Data supplied
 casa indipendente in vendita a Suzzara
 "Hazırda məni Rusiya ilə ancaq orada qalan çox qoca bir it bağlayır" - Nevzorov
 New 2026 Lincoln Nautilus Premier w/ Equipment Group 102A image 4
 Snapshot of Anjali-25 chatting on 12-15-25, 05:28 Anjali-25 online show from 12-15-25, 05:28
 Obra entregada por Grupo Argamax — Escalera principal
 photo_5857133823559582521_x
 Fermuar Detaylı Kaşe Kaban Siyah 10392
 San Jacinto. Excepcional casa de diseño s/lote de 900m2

--

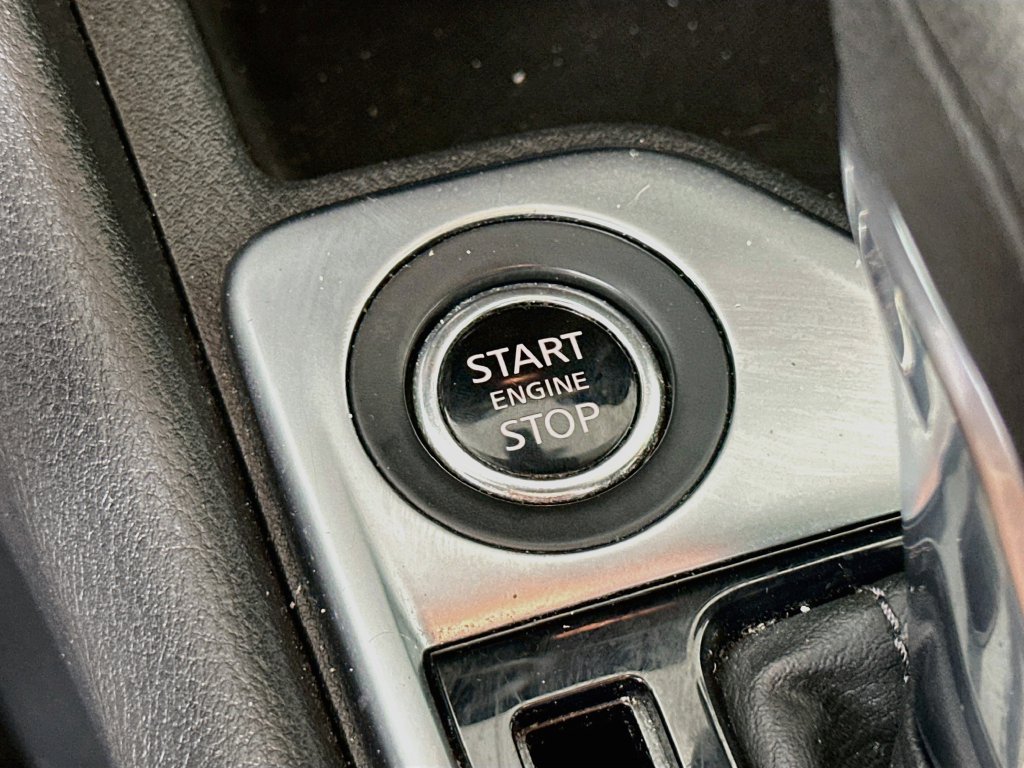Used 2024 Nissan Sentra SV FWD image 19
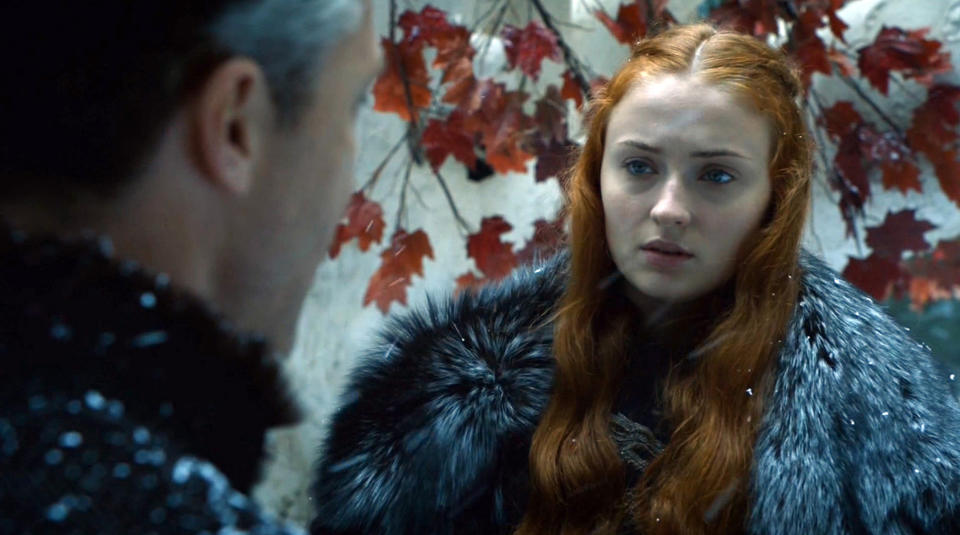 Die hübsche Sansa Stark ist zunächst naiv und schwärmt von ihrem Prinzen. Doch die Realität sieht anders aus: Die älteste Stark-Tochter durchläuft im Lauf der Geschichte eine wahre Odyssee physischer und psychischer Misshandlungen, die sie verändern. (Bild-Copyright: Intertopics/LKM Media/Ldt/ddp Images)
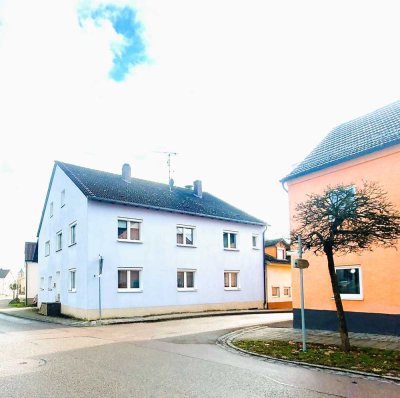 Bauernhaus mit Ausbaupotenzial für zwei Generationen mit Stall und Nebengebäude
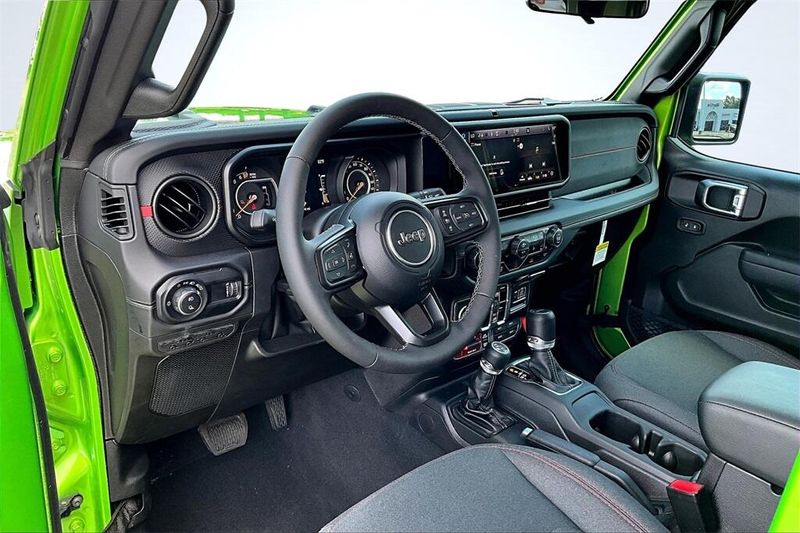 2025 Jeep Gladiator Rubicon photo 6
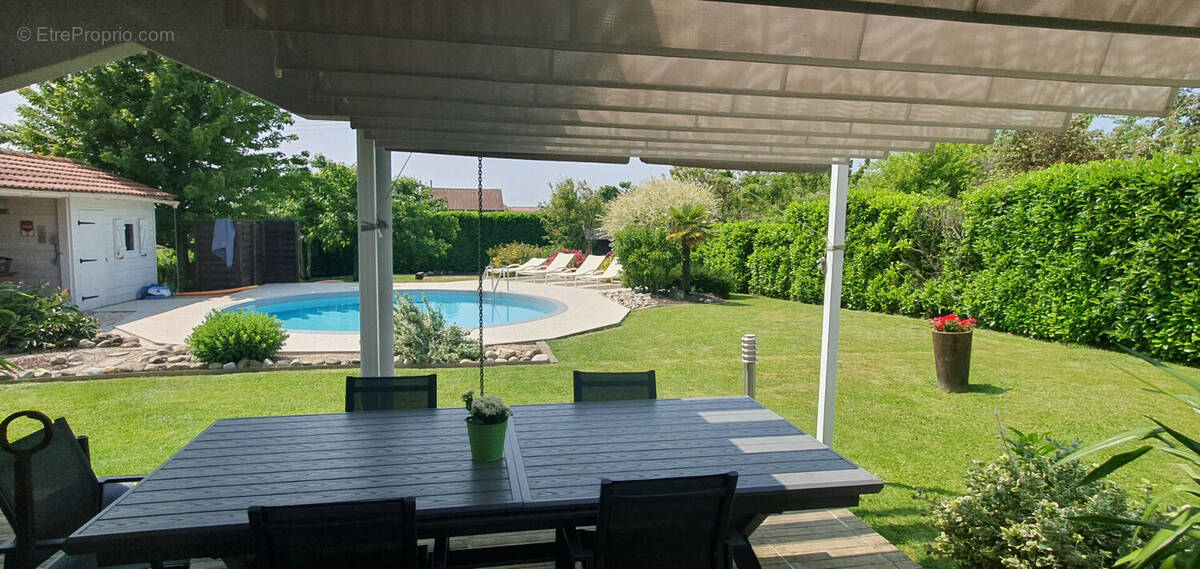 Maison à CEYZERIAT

Work task
From the entries, report every line in which the string "casa" occurs.

Written reply
 casa indipendente in vendita a Suzzara
 San Jacinto. Excepcional casa de diseño s/lote de 900m2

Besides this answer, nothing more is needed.